━━━ DATASET ━━━
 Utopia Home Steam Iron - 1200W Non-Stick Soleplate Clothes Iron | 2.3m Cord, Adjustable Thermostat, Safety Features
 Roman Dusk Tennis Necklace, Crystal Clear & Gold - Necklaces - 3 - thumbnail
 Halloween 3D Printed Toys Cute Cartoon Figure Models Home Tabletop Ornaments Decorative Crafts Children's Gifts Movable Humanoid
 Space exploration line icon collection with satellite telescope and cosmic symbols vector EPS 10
━━━
━━━ DATASET ━━━
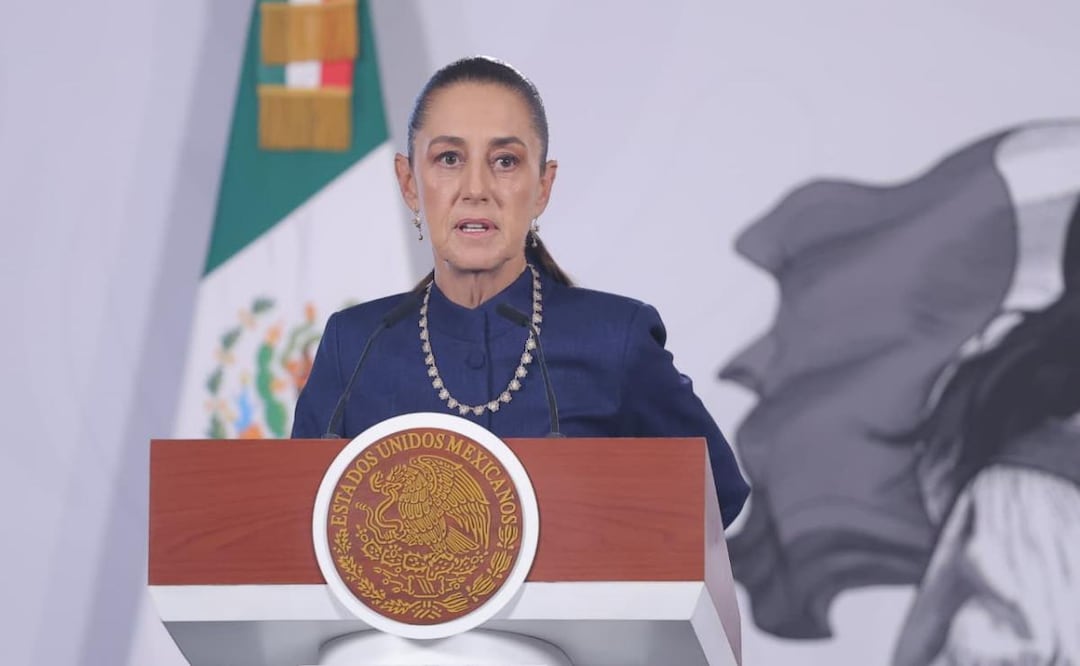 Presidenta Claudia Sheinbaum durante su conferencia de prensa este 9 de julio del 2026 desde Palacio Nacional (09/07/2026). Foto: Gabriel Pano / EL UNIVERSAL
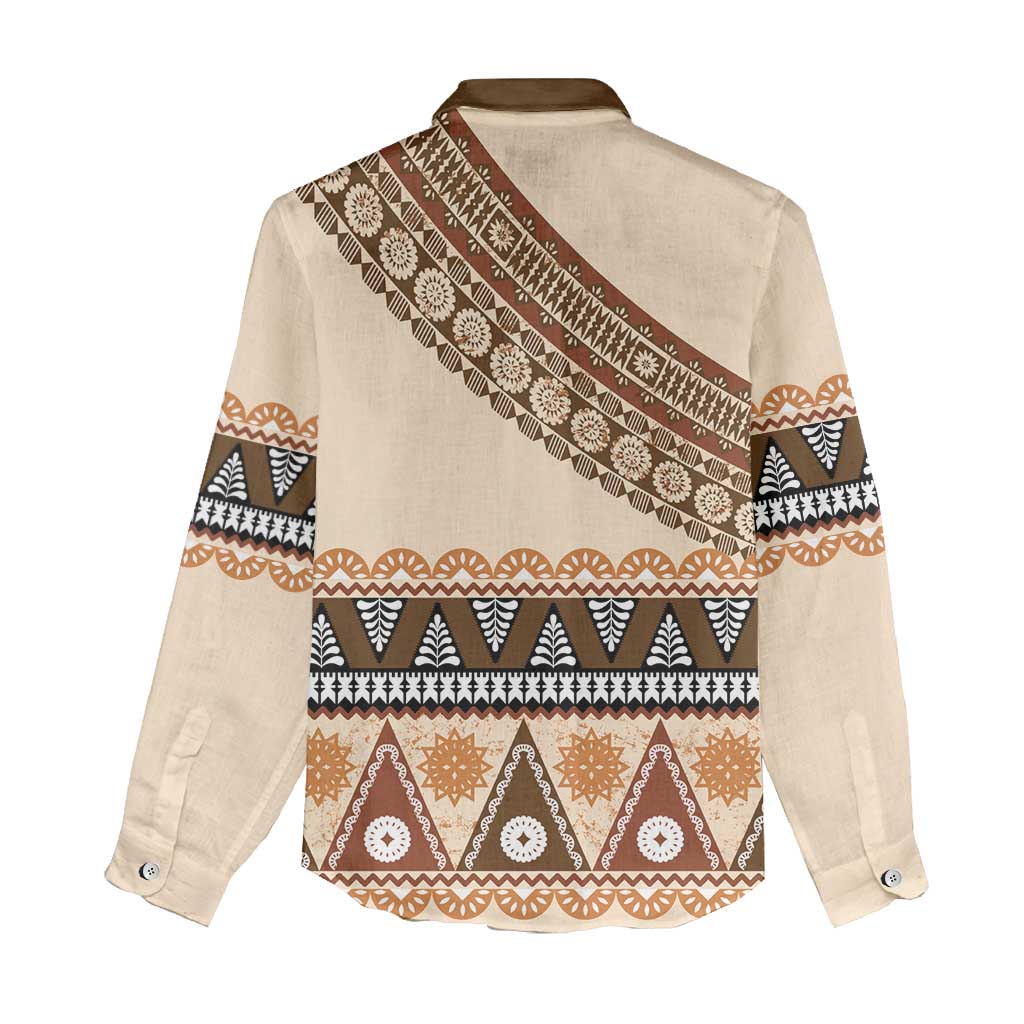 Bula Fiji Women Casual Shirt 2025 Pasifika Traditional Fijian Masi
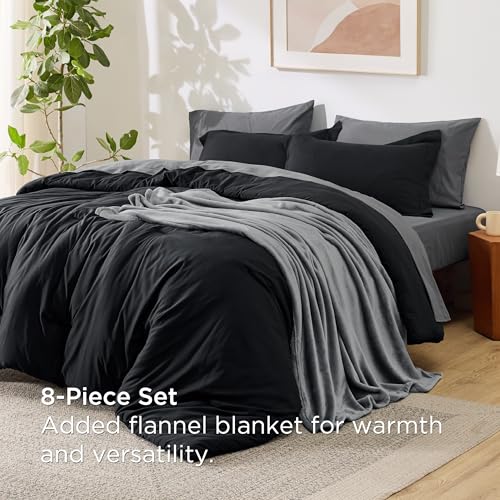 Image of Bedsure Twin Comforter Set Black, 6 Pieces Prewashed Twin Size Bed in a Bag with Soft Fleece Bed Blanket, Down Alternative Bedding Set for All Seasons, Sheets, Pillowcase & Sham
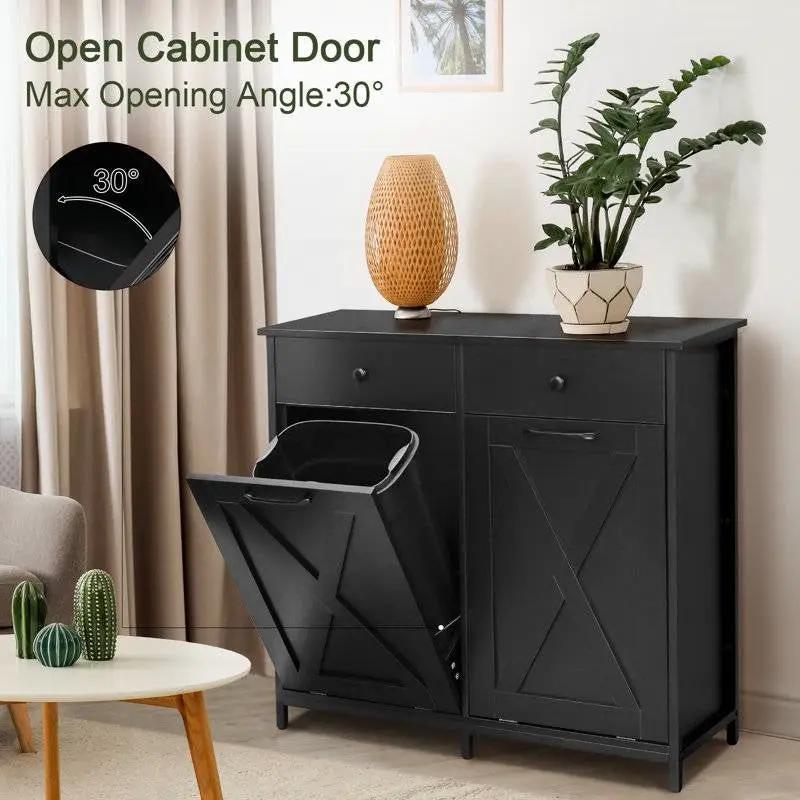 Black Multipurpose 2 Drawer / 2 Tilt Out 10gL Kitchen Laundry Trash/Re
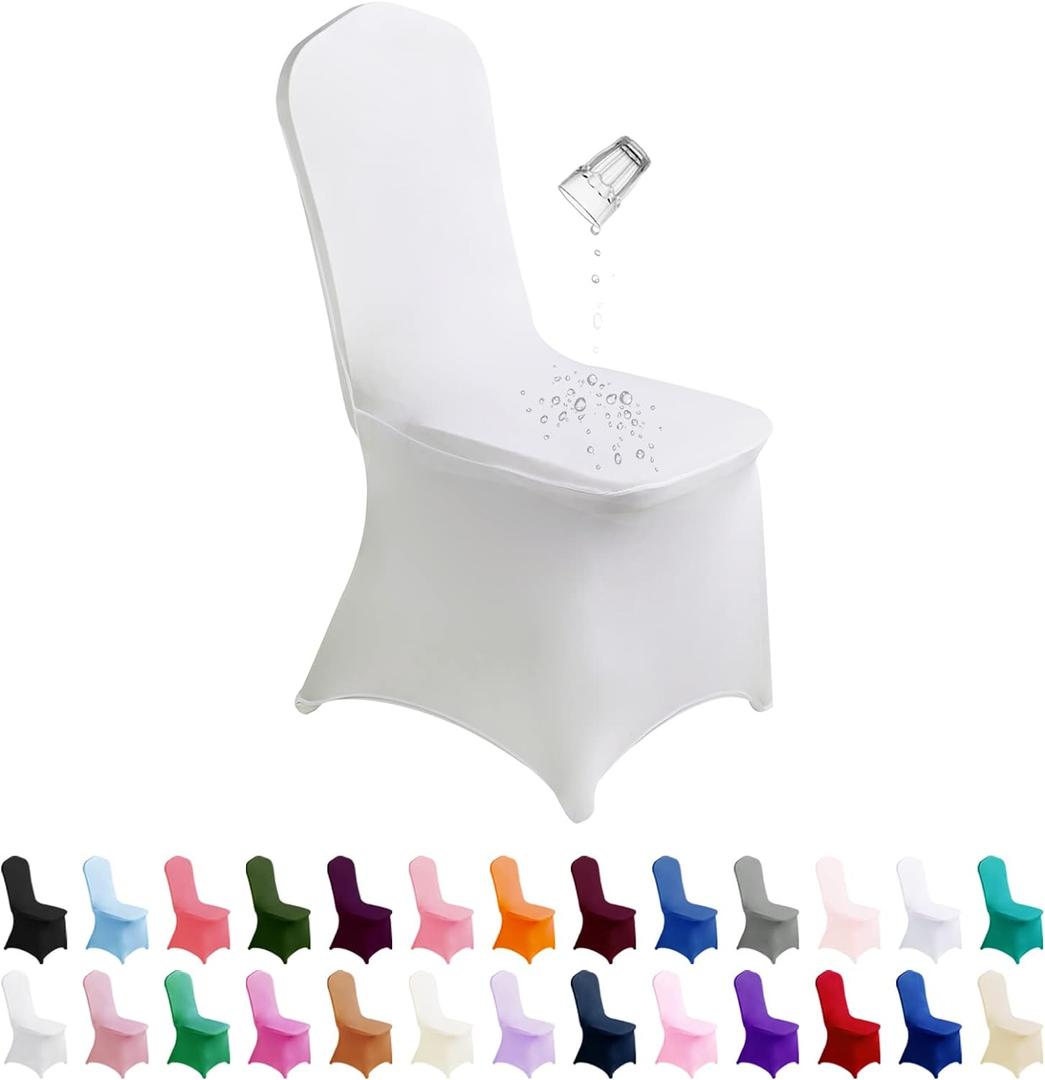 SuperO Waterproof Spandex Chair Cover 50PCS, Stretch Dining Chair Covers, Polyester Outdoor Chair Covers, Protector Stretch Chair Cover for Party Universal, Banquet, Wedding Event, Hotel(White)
━━━
TO DO
Only one stretch of the data is wanted: write out exactly the lines from the one holding "Black Multipurpose 2" through the one holding "SuperO Waterproof Spandex", both included, without the pictures.

WRITTEN RESPONSE
 Black Multipurpose 2 Drawer / 2 Tilt Out 10gL Kitchen Laundry Trash/Re
 SuperO Waterproof Spandex Chair Cover 50PCS, Stretch Dining Chair Covers, Polyester Outdoor Chair Covers, Protector Stretch Chair Cover for Party Universal, Banquet, Wedding Event, Hotel(White)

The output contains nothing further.